Test Setup Required for Accurate Power Loss Measurements

Figure 1 shows a simplified circuit for switching. The MOSFET in Figure 1 is not connected to the AC power supply ground or the circuit output ground, that is, it is isolated from the ground, so a simple ground reference voltage measurement cannot be performed using an oscilloscope, because if the ground lead of the probe is connected to any terminal of the MOSFET, that point will be shorted to the ground through the oscilloscope.

Figure 1 Schematic diagram of the circuit inside the switch

In this case, differential measurement is the best way to measure the voltage waveform of the MOSFET. Differential measurement determines the drain-source voltage (VDS), which is the voltage across the drain and source terminals of the MOSFET. VDS can float over a voltage that can range from tens of volts to hundreds of volts, depending on the voltage range of the power supply. There are several ways to measure VDS:

*Leaving the chassis ground of the oscilloscope floating. This is not recommended because it is extremely unsafe and dangerous to the user, the device under test, and the oscilloscope.
*Use two regular single-ended passive probes and connect their ground leads together, then use the oscilloscope's channel calculation function to make the measurement. This measurement method is called quasi-differential measurement. Although passive probes can be used in conjunction with the oscilloscope's amplifier, they lack the common-mode rejection ratio (CMRR) function that can properly block any common-mode voltage. This setup cannot accurately measure voltage, but existing probes can be used.

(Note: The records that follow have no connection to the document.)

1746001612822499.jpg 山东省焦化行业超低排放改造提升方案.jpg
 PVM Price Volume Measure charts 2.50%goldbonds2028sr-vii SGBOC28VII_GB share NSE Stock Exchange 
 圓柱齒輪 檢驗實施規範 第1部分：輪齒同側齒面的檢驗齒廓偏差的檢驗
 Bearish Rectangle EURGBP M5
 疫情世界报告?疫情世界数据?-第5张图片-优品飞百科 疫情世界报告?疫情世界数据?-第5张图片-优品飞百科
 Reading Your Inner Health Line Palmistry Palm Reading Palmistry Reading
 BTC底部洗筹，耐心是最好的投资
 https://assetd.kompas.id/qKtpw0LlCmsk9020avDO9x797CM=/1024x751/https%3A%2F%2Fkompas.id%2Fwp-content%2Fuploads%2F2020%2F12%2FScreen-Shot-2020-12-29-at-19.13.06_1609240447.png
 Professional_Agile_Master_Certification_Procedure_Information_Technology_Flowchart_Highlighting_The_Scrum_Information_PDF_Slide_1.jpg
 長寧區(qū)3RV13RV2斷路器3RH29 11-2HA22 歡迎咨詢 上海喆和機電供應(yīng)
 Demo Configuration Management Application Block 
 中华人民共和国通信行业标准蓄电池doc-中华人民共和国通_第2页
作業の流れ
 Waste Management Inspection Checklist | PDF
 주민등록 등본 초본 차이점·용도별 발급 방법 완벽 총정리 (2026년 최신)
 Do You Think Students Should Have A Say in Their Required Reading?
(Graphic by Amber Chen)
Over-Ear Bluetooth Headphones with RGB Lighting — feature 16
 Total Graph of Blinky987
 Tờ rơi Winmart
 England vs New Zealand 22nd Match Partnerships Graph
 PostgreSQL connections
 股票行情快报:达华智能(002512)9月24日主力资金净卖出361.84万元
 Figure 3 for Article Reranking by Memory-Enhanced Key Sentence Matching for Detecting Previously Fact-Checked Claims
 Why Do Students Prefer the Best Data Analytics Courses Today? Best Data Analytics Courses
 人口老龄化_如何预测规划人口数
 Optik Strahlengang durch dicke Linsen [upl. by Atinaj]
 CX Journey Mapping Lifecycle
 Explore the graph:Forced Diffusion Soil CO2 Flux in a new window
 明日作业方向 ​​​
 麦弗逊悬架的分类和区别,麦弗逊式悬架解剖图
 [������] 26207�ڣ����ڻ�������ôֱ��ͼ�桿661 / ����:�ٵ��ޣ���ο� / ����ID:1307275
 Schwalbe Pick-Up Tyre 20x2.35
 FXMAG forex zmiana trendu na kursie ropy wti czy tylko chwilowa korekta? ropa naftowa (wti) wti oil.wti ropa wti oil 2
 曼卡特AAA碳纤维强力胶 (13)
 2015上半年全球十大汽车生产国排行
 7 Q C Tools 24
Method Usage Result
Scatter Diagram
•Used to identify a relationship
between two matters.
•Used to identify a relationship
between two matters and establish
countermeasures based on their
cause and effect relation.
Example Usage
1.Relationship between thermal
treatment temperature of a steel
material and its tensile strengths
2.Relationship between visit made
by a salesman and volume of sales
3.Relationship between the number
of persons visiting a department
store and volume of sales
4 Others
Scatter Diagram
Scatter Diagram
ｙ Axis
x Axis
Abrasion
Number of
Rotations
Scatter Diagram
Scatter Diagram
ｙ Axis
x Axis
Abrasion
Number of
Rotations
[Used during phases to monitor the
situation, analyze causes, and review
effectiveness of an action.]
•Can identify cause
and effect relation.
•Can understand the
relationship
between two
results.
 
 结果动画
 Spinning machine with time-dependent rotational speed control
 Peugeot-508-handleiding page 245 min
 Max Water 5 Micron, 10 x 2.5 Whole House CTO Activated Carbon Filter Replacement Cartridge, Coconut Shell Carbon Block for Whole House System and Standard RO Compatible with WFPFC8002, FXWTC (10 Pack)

* Use a commercially available probe isolator to isolate the oscilloscope chassis ground. The probe's ground lead will no longer be at ground potential and can be connected directly to a test point. Probe isolators are an effective solution but are expensive, costing 2 to 5 times as much as differential probes.
* Use a true differential probe on a wideband oscilloscope. VDS can be accurately measured with a differential probe, which is the best approach.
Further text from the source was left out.